No Australians wanted families especially the odd New Australians who did not speak English. Adult Displaced Persons (us) were indentured to work for 2 years to pay off our grim passage to freedom, hence father digging holes; mother in jam factory and Lucy 16 (adult age then 21) could not study, had to work. At 12, I had to feed and look after little sister and father, as mother worked long hours. Father bought block of land with two roomed shed for sleeping and small wooden hut as kitchen/dining room. Toilet was hole in back of block, small tub to wash us and clothes. Life was still a struggle. Father started building house without any previous experience. The digging and hard work took their toll and father ruined his back.

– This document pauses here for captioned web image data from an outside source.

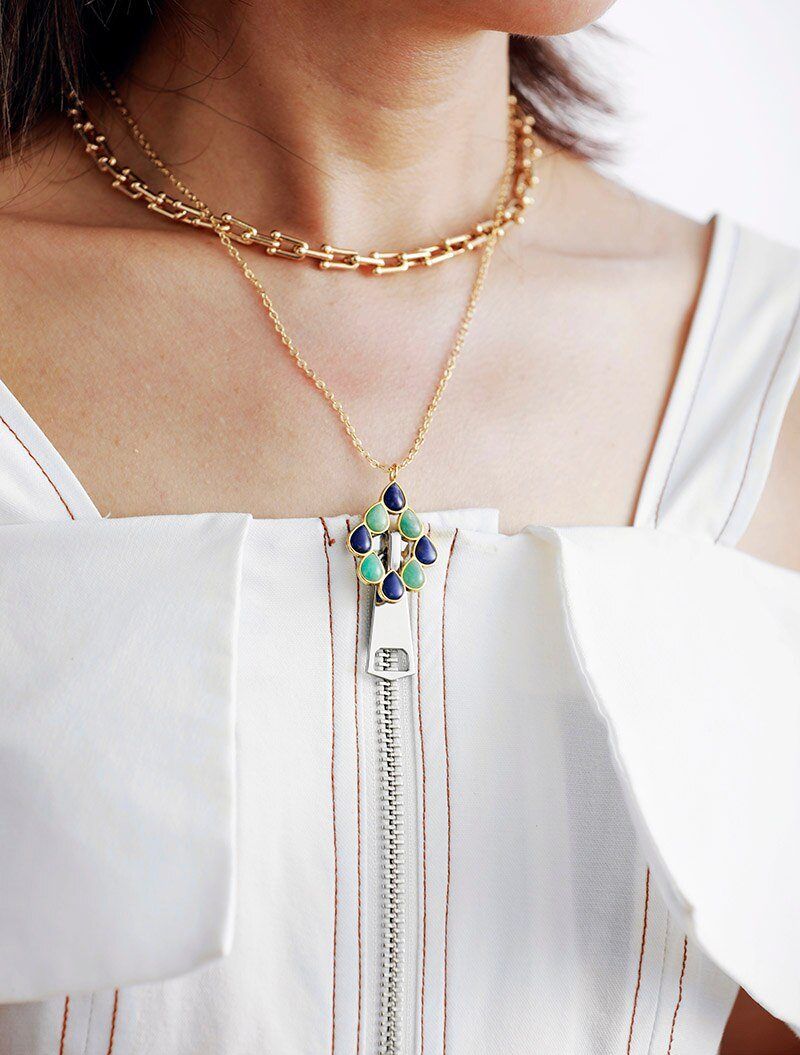 DE HELENDE KRACHT VAN TWEE MINERALEN HANGER KETTING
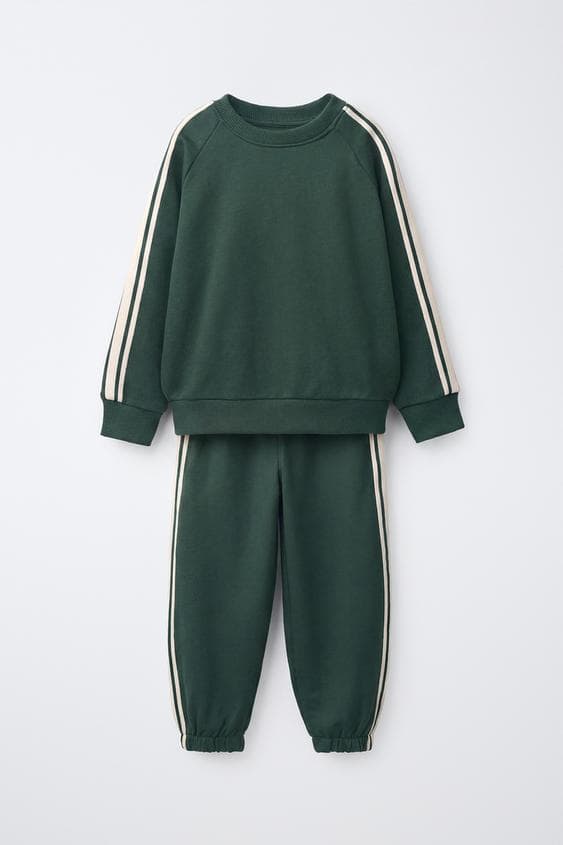 SIDE STRIPE SWEATSHIRT AND JOGGERS SET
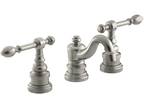 (Set of 2) KOHLER K-6811-4-BN IV Georges Brass Widespread Lavatory Faucets -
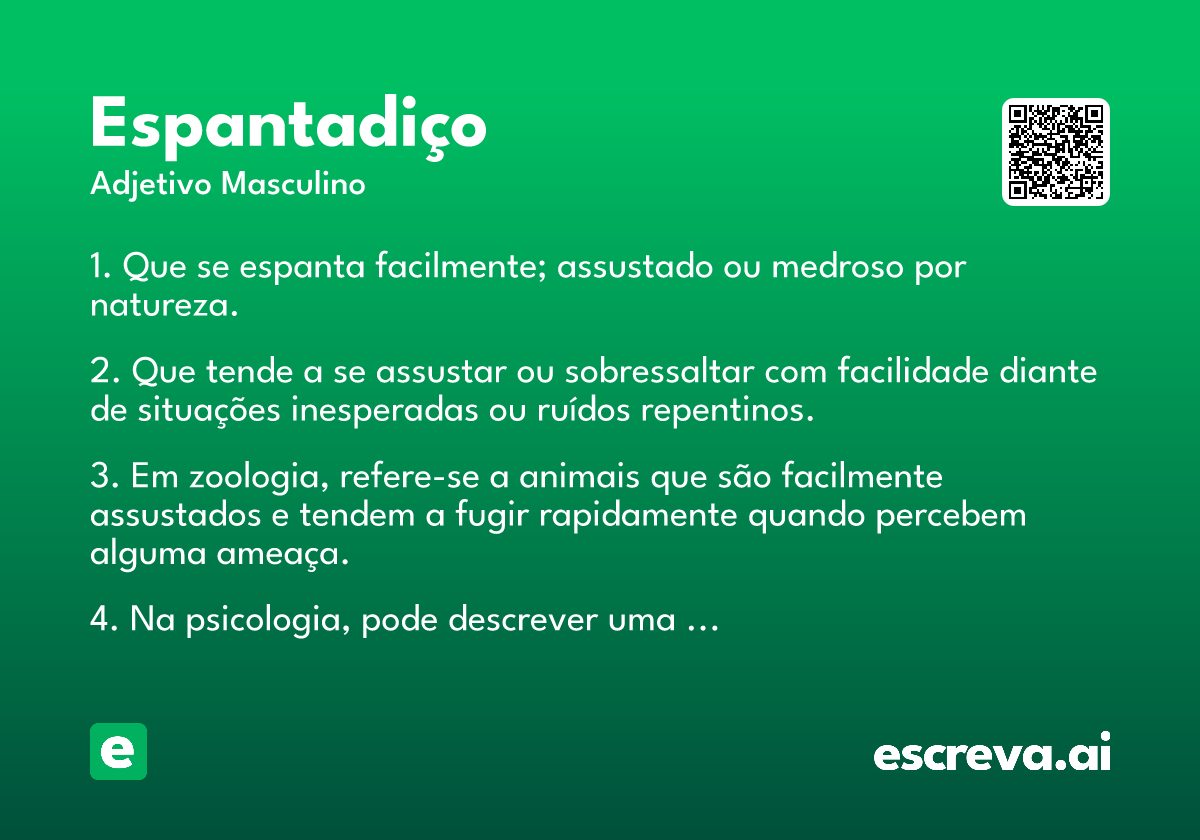 espantadiço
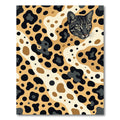 Playful Feline Leopard Spot Abstract Rug
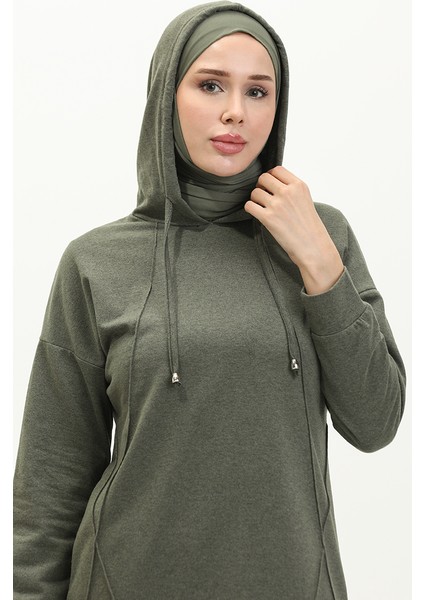 Çıma Detaylı Eşofman Takım 3039-05 Haki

In my first school, I failed last three months. Children took me outside to teach me English. Next year determined, I came second and thereafter was always first or second. Little Vera in junior primary was crying. I came to sit with her, was told off, but ignored it and they left me alone. I have always been very determined in my life, especially at any injustices. Goodwood Primary School was wonderful and I was a favourite with teachers, even though my teacher would sneeze Ah-choo at my Surname. In 1950 was a lot of racism, intolerance, unfair treatment of migrants at work. It was WOG then, now it is the black races which are suffering from small minded, bigoted, intolerant and ignorant people.
Australian government asked us to change our Surname. The first section Iszczy meant Search so that is what we became although my parents hated it. If the translations used on migrant Surnames were not derived from Polish, our Surname could have been Ischchishin, which may have made it easier. When father died in car accident at 60 years, mother went back to maiden name Shuvalova. Mother saw her remaining relatives in St. Petersburg after she had a stroke, a momentous achievement for a woman who could not speak English. Poor father never saw his homeland again. Mother died at 80 years from Alzheimers.
Lucy married and has five girls. She was a very intelligent and bright person, became prominent in her Ukrainian church and community. Vera also bright and intelligent became a teacher and had two girls, now mothers themselves. I only had one son. I went back as mature aged student and obtained degree in Social Work and only just retired at 68. I have written the first section of Autobiography about my father and mother and now working on my migrant story about our life in Australia.